The impacts of climate change are no longer something we can ignore. They are happening now, and right in our own backyards. The National Climatic Data Center's monthly report, reports that the lower 48 states experienced their fifth wettest July on record. Yet, all of that rain has not helped to relieve drought conditions that affect more than 41 percent of the United States. Meanwhile, in the Northeast people are still rebuilding after Hurricane Sandy and dealing with the devastation and memories of lives lost that remain vividly alive one year later. Even cities that have escaped the worse of it are living with the reality that the cost of climate change affects us all. Rising seas are already backing up storm sewers in Miami Beach, flooding city streets at high tide, and leaving taxpayers with the bill.

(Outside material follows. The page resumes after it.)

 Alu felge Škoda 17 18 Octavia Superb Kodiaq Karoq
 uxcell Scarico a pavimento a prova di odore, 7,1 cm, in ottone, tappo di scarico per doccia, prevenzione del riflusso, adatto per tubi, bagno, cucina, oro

If this is what we are facing today, what can we logically expect tomorrow? What kind of world can we truly expect to leave to our children and grandchildren? Unless we cut carbon pollution now, extreme weather events and impacts like these will only become more frequent in the future. It's time to awaken to the reality that climate change is happening now, and that we must own our actions and work together -- as a brother or sisterhood -- to solve this problem.

President Obama has chosen to awaken to this reality and face it head on with his new climate action plan. Obama's plan starts out strong, setting limits on carbon pollution from power plants -- the largest source of global warming pollution in the country -- while also boosting energy efficiency and improving fuel efficiency standards.

We know that even though climate change will impact the poor more seriously and more quickly than it will those who have greater means, ultimately it will affect us all. Climate change knows no borders, no race, and no social status. We can choose to tackle the problem together, or, as Dr. King said, "perish together as fools."

In the coming months and years we have a choice to support the President's plan to tackle climate change or be distracted. Big polluters would, of course, prefer we remain asleep rather than awaken to the reality that this is a battle against pollution and its impacts on our kids, our homes, our livelihoods and our future. Winning that battle requires action, awareness, and unity.

It's time to stand together again because while we may adapt and build resilience, we can't buy our way out of this crisis. We owe it to future generations to stand up for a world that can sustain us, with clean air to breathe and clean water to drink, and the stability we need to build safe communities. The world is indeed our neighborhood. Let's come together and protect it.